Why did I want to write about going back in time and living forward?
When I was a boy, my father read Twain’s A Connecticut Yankee in King Arthur’s Court to us, enjoying the story of a modern man who found himself far in the past, as much as my sister and I did. It wasn’t until I was writing this novel that I understood why Dad might particularly have enjoyed it, as I savored the idea of a second chance at doing something significant. I came to see this diary of my falling back to early adolescence and living forward as a perfect medium for bringing to life many things I care about. Ah, and my body was literally rejuvenated.
Why did I choose the diary format?
As I wrote, the novel transformed into a worldwide saga, with a sizeable cast needing to feel their lives, blending eventually into a great friendship, a noble undertaking. To keep track of them all, for me and readers, a blended diary let me economically identify the POV in each diary entry, along with the place and time. It also let me give immediacy their strands—a goal that also led me to write it always in the first person, present tense. I enjoyed, in the process, playing out some events from different points of view, like the son who had no idea why his mother broke off with the man he wanted as a step father….

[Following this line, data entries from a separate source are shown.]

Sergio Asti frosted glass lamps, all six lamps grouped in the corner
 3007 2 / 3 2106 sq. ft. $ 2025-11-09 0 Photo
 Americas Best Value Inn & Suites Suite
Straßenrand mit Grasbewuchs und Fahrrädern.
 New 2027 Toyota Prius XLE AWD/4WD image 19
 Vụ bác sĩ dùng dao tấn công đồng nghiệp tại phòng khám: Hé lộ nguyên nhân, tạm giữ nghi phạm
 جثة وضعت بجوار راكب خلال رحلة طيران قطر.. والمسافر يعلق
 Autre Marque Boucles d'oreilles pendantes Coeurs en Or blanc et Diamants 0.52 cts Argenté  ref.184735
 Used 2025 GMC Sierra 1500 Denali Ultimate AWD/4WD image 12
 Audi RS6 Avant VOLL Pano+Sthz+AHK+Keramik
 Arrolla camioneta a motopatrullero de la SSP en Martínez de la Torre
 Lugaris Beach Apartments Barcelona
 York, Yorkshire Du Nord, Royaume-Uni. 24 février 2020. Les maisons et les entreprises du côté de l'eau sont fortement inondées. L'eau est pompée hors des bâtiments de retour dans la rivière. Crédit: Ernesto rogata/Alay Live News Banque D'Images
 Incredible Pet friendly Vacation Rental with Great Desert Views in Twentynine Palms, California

David McCracken was born in Louisville, KY, in 1940. Raised mostly in Winchester, KY, he now lives in Northern Virginia, with his third and final wife. He has three children, two stepchildren, and six grandchildren.
After three years in the U.S. Navy following a lackluster academic start, he graduated from the University of Kentucky in 1963, in Diplomacy and International Commerce. He then worked as a Latin American country desk officer in the U.S. Department of Commerce until he returned to school to earn an M.A. in Elementary Education in 1970 from Murray State University, having always been intending to teach. Eventually realizing his children qualified for reduced-price lunches based on his own teaching salary, he studied computer programming at Northern Virginia Community College and worked as a programmer until shifting back into elementary teaching.
He began working on what became Fly Twice Backward in 1983 and finally finished it in 2019! At 79, David strongly doubts he’ll be doing another novel of such scope and complexity, but is preparing to work on a children’s science fiction novel with a progressive bent, being a devout progressive in politics and religion, as well as a lover of learning.